(Extracted data)

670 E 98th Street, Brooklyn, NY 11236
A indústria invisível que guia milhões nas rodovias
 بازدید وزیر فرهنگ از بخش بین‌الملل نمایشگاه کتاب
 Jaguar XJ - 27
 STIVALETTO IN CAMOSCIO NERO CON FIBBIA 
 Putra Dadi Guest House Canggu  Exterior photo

(End Extracted data)

• _Work task_:
The full listing is to be restated word for word.

• _Output for this task_:
670 E 98th Street, Brooklyn, NY 11236
A indústria invisível que guia milhões nas rodovias
 بازدید وزیر فرهنگ از بخش بین‌الملل نمایشگاه کتاب
 Jaguar XJ - 27
 STIVALETTO IN CAMOSCIO NERO CON FIBBIA 
 Putra Dadi Guest House Canggu  Exterior photo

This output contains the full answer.